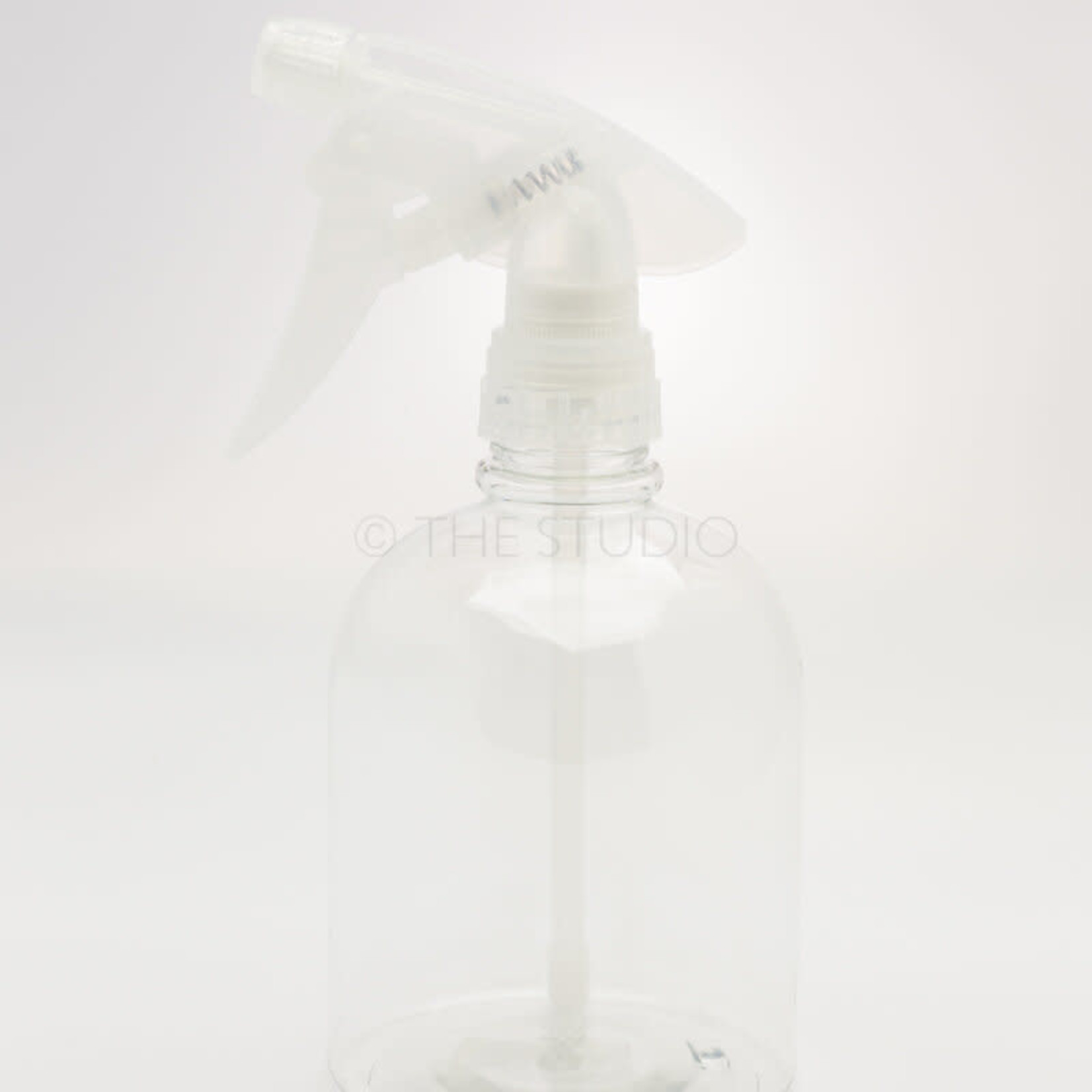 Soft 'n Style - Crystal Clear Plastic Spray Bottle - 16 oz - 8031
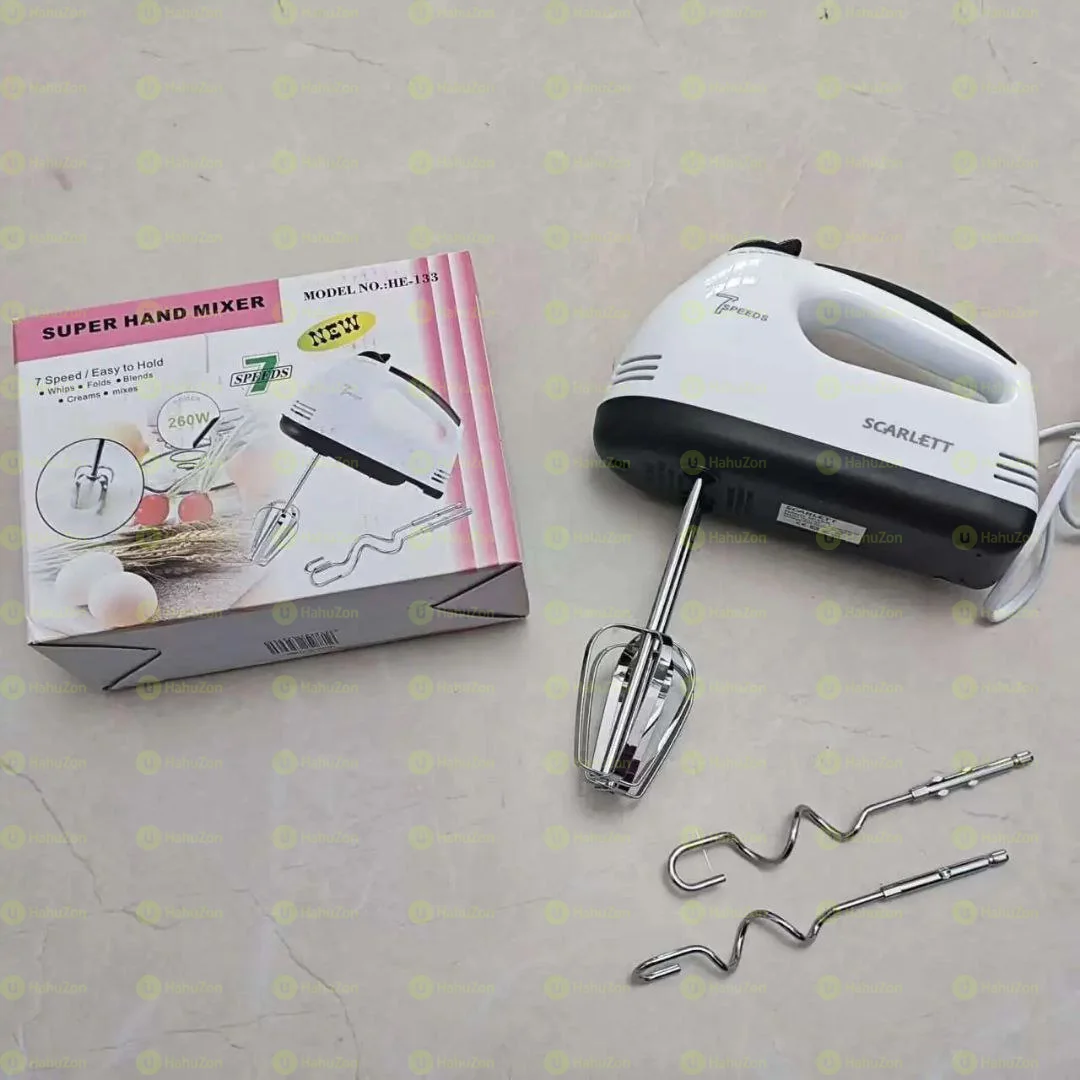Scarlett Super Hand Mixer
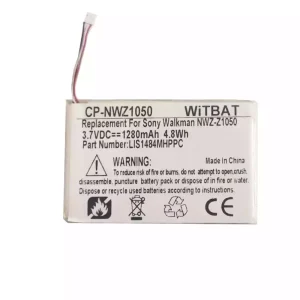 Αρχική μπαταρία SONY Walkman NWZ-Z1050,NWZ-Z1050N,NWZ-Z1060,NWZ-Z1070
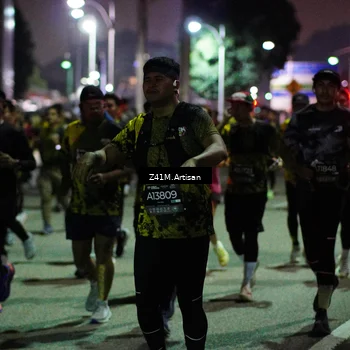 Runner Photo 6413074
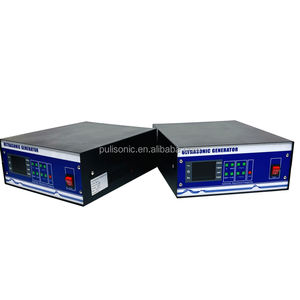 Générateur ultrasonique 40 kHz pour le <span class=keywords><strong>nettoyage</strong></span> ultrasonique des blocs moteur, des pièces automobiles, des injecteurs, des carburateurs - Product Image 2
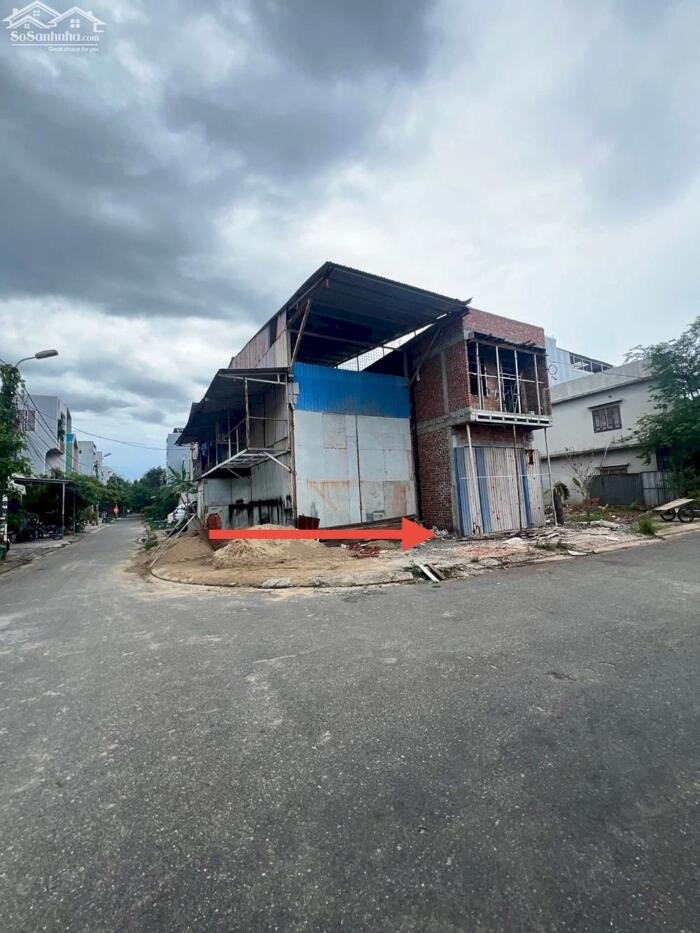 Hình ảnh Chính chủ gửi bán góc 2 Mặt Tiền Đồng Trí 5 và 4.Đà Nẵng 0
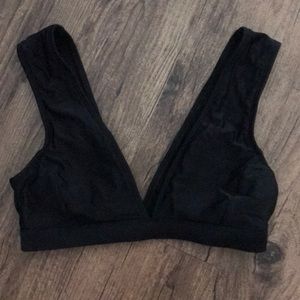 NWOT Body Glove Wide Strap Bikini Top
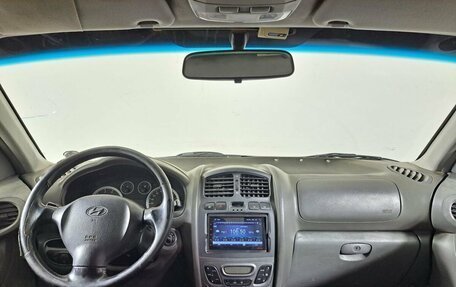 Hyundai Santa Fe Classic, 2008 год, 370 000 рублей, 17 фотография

---

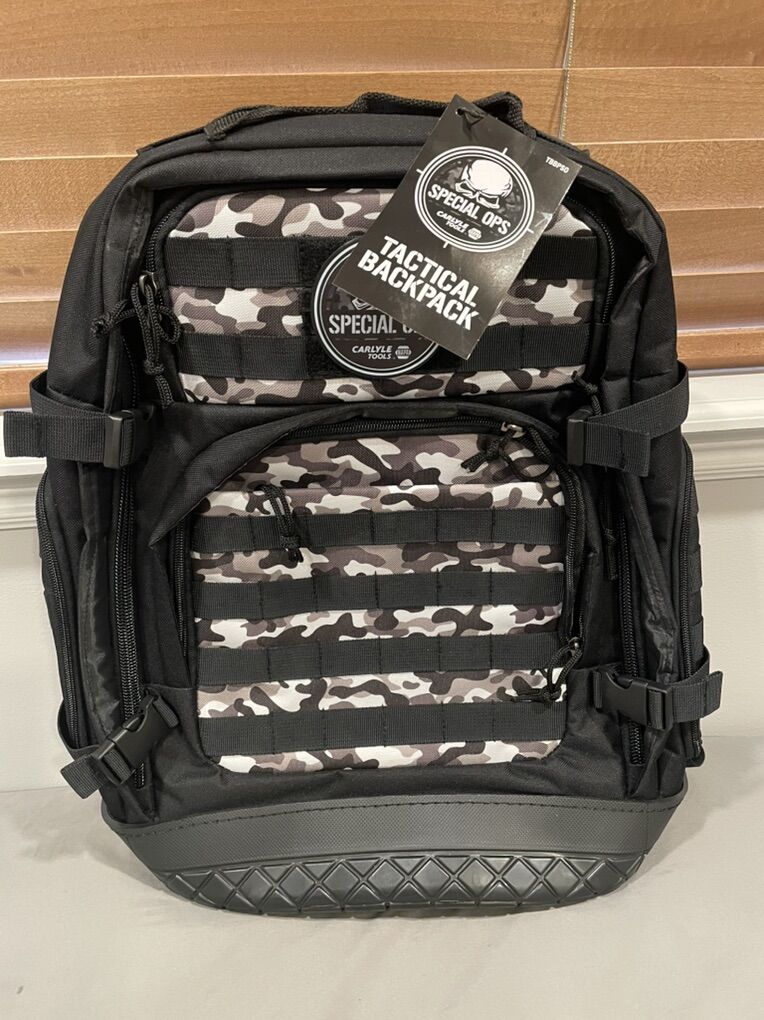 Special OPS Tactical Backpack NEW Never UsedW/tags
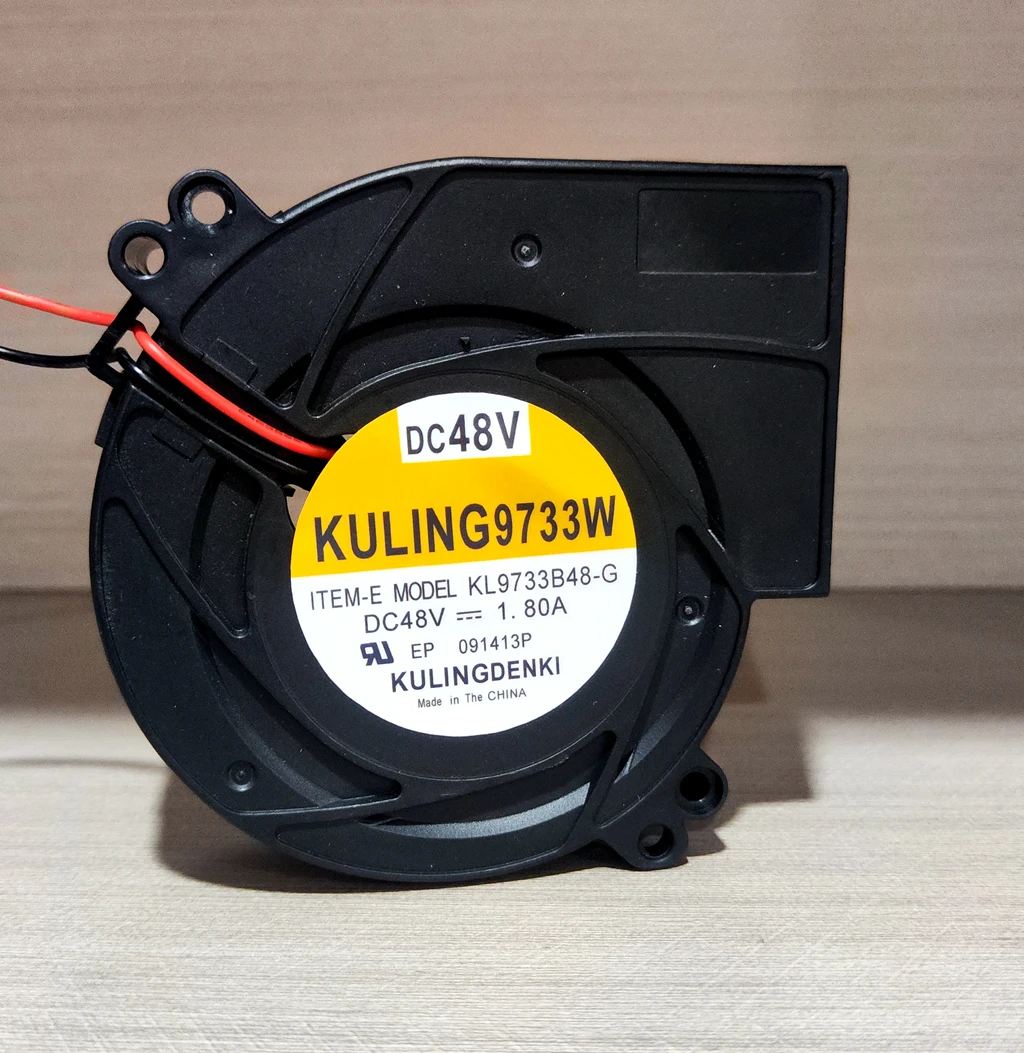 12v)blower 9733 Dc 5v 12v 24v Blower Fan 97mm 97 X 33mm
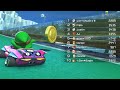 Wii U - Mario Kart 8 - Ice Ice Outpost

Problem statement:
From the line containing "Scarlett Super Hand Mixer" through the line containing "Hyundai Santa Fe", copy every line above exactly, without pictures.

Answer space:
Scarlett Super Hand Mixer
 Αρχική μπαταρία SONY Walkman NWZ-Z1050,NWZ-Z1050N,NWZ-Z1060,NWZ-Z1070
 Runner Photo 6413074
 Générateur ultrasonique 40 kHz pour le <span class=keywords><strong>nettoyage</strong></span> ultrasonique des blocs moteur, des pièces automobiles, des injecteurs, des carburateurs - Product Image 2
 Hình ảnh Chính chủ gửi bán góc 2 Mặt Tiền Đồng Trí 5 và 4.Đà Nẵng 0
 NWOT Body Glove Wide Strap Bikini Top
 Hyundai Santa Fe Classic, 2008 год, 370 000 рублей, 17 фотография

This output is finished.